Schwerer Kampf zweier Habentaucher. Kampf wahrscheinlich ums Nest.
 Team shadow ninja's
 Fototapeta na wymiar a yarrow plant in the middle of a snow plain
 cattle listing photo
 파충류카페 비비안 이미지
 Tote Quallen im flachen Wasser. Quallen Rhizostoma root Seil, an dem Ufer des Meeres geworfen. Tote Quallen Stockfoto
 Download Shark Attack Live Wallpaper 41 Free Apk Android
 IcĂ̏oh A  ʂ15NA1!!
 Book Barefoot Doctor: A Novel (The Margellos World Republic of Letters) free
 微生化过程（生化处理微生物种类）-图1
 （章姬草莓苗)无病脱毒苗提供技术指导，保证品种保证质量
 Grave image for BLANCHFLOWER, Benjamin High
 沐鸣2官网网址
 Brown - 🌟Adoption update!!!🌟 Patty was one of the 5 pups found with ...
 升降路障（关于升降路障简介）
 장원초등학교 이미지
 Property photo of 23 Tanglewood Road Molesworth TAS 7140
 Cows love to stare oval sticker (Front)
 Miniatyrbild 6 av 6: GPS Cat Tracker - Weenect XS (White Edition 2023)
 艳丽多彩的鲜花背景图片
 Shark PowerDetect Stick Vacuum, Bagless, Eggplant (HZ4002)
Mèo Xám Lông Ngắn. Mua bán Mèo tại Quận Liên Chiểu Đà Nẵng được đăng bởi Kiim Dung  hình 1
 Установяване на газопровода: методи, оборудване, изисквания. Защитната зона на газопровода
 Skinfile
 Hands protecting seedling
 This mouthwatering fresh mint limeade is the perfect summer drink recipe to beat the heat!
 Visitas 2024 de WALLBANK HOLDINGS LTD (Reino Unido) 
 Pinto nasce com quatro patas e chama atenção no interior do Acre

* * * * *

● **AIM OF THE TASK**:
State how many lines in the material include the string "Shark". Nothing other than the number is wanted.

● **SOLUTION**:
2